Growing Fences

Virginia Rep’s production of August Wilson’s classic will look much different than the movie version.

“Fences” is probably August Wilson’s most popular play, especially since the Denzel Washington film version premiered in 2016.

But don’t think you’ve seen “Fences” just because you’ve seen the film.

“The film introduced August Wilson to millions of people that otherwise would never have known his work and that’s a good thing, but it doesn’t come close to experiencing the work at the theater with living, breathing actors putting every ounce of their souls onto a stage every night,” says Lisa Strum, who will play Rose in the upcoming Virginia Repertory Theatre production of the play. “The energy is electric, spontaneous and the show is never the same from one performance to the next. It grows over time. A film can’t do that.”

Director Tawnya Pettiford-Wates says this production will also probably look a bit different than previous productions audiences may have seen.

“I have to honestly say that whenever a woman directs a play, that immediately sheds a different light on the play,” she says.

When Pettiford-Wates first saw “Fences” herself, years ago in Seattle, she says she was slightly disappointed. “It was all men and just one woman, and I thought Rose was underutilized, I didn’t hear her voice enough.”

Rose, Troy Maxson’s put-upon wife, whose decision to raise the daughter of her husband’s mistress is both heartbreaking and beautiful, will assume a more prominent position in this production.

“The role in our production is very much utilized. Her presence is felt in the context of the play and she’s an integral part of this story as I have interpreted and staged it,” Pettiford-Wates says.

“She is at the play’s heart center,” Strum adds. “Rose is love and balance and she sees the best in everyone.
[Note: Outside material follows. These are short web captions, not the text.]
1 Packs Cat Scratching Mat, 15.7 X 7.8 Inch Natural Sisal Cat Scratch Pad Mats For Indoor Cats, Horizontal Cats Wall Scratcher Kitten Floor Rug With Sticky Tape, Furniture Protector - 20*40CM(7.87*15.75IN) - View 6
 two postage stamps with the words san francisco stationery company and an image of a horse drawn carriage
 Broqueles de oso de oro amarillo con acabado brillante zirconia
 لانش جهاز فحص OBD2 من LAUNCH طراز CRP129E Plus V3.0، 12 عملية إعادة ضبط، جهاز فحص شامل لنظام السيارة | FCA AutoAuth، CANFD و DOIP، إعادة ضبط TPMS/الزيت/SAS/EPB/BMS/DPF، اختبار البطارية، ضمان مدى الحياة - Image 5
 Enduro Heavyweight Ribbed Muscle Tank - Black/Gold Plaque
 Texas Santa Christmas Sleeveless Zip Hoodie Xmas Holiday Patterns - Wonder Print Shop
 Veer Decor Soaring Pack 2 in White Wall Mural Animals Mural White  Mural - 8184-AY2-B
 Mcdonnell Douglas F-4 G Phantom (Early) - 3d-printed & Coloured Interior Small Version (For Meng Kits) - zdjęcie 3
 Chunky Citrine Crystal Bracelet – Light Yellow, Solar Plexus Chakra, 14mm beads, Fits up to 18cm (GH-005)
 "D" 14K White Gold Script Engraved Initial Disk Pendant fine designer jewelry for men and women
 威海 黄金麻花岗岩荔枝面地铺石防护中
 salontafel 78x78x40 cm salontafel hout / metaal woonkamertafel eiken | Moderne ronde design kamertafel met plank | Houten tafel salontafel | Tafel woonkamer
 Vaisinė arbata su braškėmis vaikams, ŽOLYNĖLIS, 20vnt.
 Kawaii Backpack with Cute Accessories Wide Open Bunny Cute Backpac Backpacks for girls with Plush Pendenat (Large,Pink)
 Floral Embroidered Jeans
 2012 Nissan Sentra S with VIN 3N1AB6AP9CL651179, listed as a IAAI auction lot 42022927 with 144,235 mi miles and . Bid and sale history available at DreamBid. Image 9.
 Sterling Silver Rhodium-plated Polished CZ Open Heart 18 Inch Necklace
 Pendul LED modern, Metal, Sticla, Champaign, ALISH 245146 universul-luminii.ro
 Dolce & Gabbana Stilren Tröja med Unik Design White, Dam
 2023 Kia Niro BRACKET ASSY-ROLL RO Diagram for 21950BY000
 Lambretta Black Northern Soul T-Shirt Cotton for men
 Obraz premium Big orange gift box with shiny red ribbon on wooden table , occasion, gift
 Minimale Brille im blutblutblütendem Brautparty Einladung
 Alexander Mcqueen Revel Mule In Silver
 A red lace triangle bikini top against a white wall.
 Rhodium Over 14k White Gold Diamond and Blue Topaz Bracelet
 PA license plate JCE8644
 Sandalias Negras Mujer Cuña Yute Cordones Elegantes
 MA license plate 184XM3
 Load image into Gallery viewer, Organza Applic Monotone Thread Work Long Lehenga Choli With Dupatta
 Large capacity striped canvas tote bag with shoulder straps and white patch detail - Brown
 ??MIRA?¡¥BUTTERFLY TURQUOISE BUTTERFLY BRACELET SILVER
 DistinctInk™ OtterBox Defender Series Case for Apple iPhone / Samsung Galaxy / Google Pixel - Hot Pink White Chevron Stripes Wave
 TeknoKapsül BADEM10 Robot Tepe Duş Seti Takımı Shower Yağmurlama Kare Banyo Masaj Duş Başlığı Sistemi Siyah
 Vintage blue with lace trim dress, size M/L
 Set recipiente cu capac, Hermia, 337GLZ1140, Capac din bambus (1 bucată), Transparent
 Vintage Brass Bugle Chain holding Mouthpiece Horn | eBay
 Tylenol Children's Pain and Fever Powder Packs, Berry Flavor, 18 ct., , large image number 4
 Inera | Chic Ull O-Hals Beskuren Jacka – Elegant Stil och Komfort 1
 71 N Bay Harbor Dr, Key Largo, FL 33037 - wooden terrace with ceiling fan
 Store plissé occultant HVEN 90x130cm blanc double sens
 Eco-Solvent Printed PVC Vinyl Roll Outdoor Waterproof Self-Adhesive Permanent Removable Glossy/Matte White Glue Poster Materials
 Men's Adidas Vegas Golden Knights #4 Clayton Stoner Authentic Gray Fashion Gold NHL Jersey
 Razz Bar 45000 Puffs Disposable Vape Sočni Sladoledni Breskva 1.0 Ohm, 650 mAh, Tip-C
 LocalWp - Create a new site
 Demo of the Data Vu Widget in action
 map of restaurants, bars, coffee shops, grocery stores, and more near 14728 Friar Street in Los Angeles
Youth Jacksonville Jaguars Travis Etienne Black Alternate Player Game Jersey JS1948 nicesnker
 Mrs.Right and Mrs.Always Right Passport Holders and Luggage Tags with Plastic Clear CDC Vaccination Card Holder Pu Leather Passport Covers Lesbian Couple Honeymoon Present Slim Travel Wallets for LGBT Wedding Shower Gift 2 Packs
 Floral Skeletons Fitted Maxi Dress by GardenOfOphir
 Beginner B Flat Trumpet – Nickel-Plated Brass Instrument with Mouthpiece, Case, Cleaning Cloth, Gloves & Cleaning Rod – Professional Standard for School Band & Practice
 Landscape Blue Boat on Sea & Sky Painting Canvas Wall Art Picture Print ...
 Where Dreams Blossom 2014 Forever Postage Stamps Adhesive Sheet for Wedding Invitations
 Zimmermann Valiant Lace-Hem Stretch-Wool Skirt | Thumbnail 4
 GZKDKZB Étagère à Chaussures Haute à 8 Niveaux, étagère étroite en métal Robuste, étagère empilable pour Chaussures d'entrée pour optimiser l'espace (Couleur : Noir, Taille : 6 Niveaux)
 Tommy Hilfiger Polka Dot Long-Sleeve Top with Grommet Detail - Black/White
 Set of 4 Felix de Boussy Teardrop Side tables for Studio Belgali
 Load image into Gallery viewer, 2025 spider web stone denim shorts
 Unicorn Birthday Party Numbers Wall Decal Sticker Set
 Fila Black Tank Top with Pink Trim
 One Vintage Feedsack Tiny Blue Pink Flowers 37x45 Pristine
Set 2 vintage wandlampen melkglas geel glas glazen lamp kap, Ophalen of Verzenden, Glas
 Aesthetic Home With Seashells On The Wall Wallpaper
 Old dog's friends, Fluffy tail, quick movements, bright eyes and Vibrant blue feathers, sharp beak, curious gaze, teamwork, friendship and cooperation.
But a rose also has thorns, and when she’s pushed to the limit, we see shades and colors of her that make her an incredibly human and complex character.”

Pettiford-Wates says there is a debt owed to women of Rose’s 1950s generation.

“Particularly African American women, who held the ground at that particular point in time — that backyard that Rose sort of never left,” Pettiford-Wates says. “And that little girl that she’s raising is going to be different. She’s going to give that girl agency, the ability to speak in her own voice, things that the time period did not allow Rose to have.”

This production is also going to emphasize the setting, Pittsburgh, another integral yet often overlooked component of this and other Wilson plays, as well as the time period and its place in African American history. Pettiford-Wates has brought in local blues musician Andrew Alli to provide an original score for this production.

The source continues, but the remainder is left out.